New report card on state psychiatric laws gives Maryland lowest grade in US

A report card looking at state psychiatric laws ranks Maryland the lowest in the country.

Lisa Dailey, director of advocacy for the Treatment Advocacy Center, said their report titled, “Grading the State: An Analysis of U.S. Psychiatric Treatment Laws,” gave Maryland an F.

The poor rating is based on vague laws surrounding involuntary commitment.

“It is a great place to be if you need psychiatric care — as long as you can volunteer for it,” Dailey said. “It’s a place where you may or may not get a good result based on where you are, and whether or not the person interpreting that criteria understands what they should be looking at.”

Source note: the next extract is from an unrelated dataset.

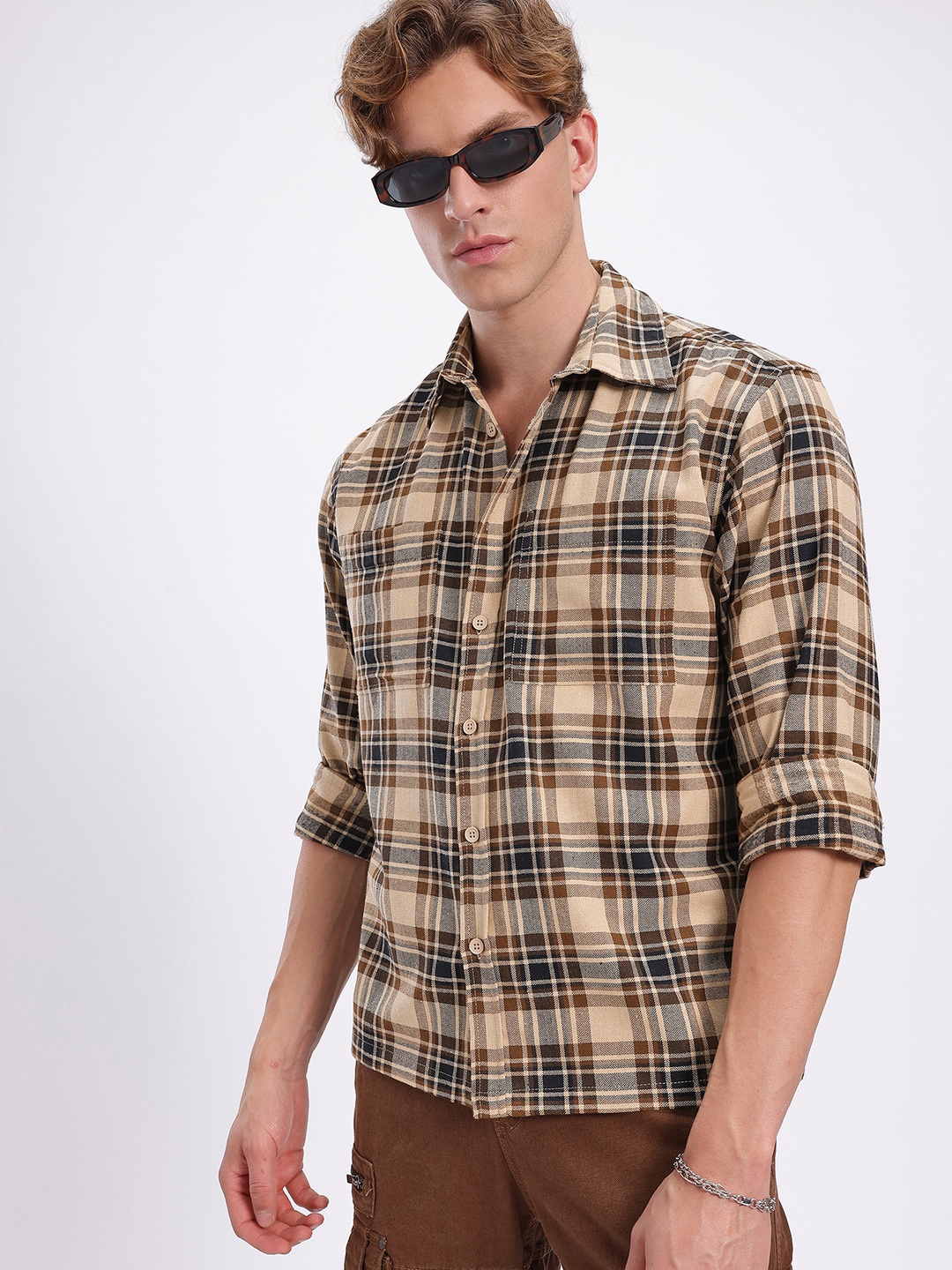 

glitchez Checkmate Tartan Checks Relaxed Casual Shirt, Beige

Dailey said other findings in the report include no outpatient legislation in Maryland and ambiguity in Maryland’s inpatient law, leading to increased chances for police interaction and creating barriers to treatment.

Maryland’s psychiatric treatment laws received a score of 18 out of 100. Minnesota achieved the highest combined score, with 97 out of 100 points. 

This is the second year in a row that Maryland ranked the lowest in the country. 

Locally, Virginia received a grade of B- with a score of 82 out of 100; and D.C. received a grade of F with a score of 56 out of 100.

Additionally, when patients are involuntarily admitted for emergency psychiatric treatment in Maryland, they are only held for 30 hours.

“That’s just such a short period of time when you consider the shortage of psychiatrists and evaluators,” Dailey said.

According to Dailey, only six states have short emergency custody timelines, and there’s one other state that’s about the same as Maryland.

She said that the vagueness of Maryland’s laws are part of why it has a low ranking.

“The statute doesn’t have a lot of detail in it. There’s not a lot of information available in terms of what definitions the legislature could have put in place,” Dailey said.

Recommendations for Maryland legislators from the Treatment Advocacy Center include extending the duration of emergency holds to 72 hours or more, provide an adequate definition of danger to self or others, add a grave disability criteria, and adopt statutory authority for outpatient civil commitment.